De nombreux experts CRO traduisent le succès (S) d'une campagne de tests par l'équation S = W x E x V

  • W pour win-rate, le pourcentage de résultats de tests qui démontre un uplift, une augmentation positive et significative de la métrique que vous observez, par rapport à sa version de contrôle sans modification.
  • E pour l'effet observé, l'amplitude de résultat. Par exemple, une baisse de l'abandon panier de 10%, une augmentation du panier moyen de 8.5%, etc.
  • V sera votre vélocité, le nombre de tests que vous avez été capable de lancer dans une période donnée (un sprint pour les plus agiles, sinon en deux semaines ou un mois...).

La vélocité, c'est le facteur sur lequel vous avez le plus de contrôle direct.

Interrogez votre capacité à déployer une série d'expériences et prioriser celles qui donneront le plus vite un résultat : ROI ou apprentissage.

Les freins à la vélocité peuvent être plus ou moins importants selon la taille et la culture de votre organisation. Néanmoins, parmi les clés pour faire la différence :

  • Utilisez un framework. Une séquence d'étapes qui structure votre recherche, fixe une direction, garantit la qualité de vos hypothèses et la fiabilité de vos tests.
  • Définissez la sous-performance : au bout de combien de jours un test qui n'a pas démontré d'uplift doit-il être stoppé ?
  • Plutôt que de projeter votre équipe ou vos parties prenantes dans un objectif de ROI, crééez la dynamique : ce mois-ci, on met tout en œuvre pour doubler le rythme de tests. Vous ferez émmerger des freins internes essentiels à adresser.
  • Publiez une release note avec vos résultats. Un apprentissage est un succès même s'il est issu d'un test négatif. Courte mais systématique : c'est votre meilleur arme contre une baisse de vélocité.

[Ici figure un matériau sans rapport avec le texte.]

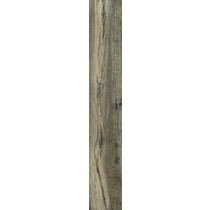 Ceramiche RHS (Rondine) Soft Ash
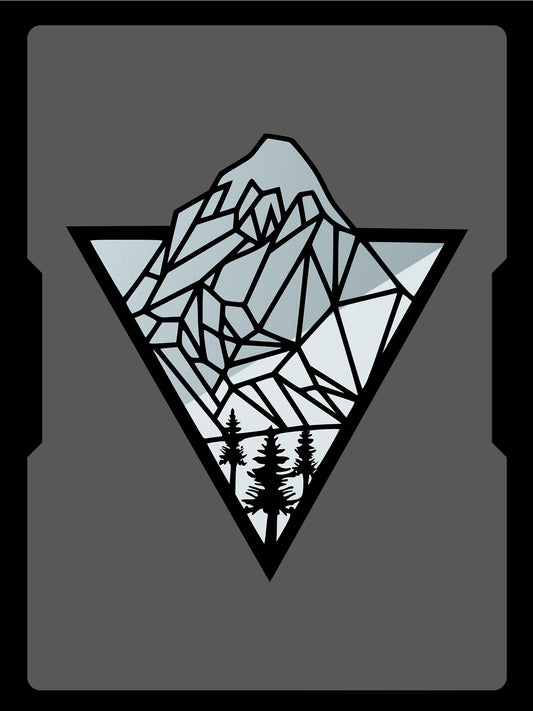 DESIGN 12
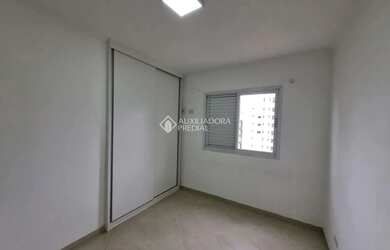Imagem 16: APARTAMENTO SÃO CAETANO - SANTA PAULA
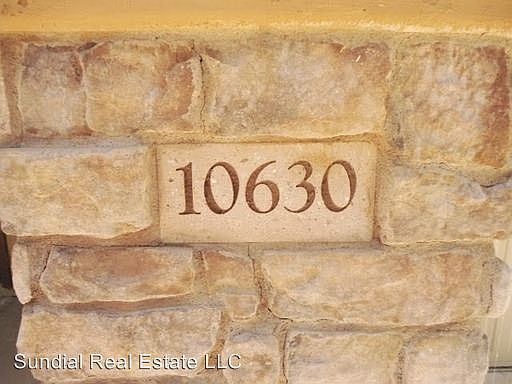 2nd image of 10630 E Marigold Ln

Chaque jour qui passe sans qu'un test ne soit en place représente un coût, l'opportunité manquée de créer l'apprentissage ou le revenu. Le meilleur moyen d'optimiser cette dépense est de gagner en vélocité. Moins votre site a de trafic, plus ce rapport est important.

Ce qu'il faut retenir

Vous l’aurez compris, le mindset CRO c’est de l’humilité en barre. Il invite à dépasser son opinion subjective pour voir à travers les yeux de vos utilisateurs.

Vous construisez un vaisseau pour naviguer sur un océan d’incertidues : il faut garder un cap fort à travers le why, qui permettra une remise en question saine de vos expériences, selon la mission de votre organisation.

En plus des idées pour améliorer votre performance, cherchez aussi celles qui vous permettent de tester plus rapidement.

Gardez en tête que sur la durée, des résultats moyens sapent la crédibilité de votre programme CRO et suscitent le désintérêt de vos parties prenantes.

C’est donc aussi un exercice de com’ aucours duquel chercherez à étendre la portée de vos découvertes aux préoccupations de toute l’organisation.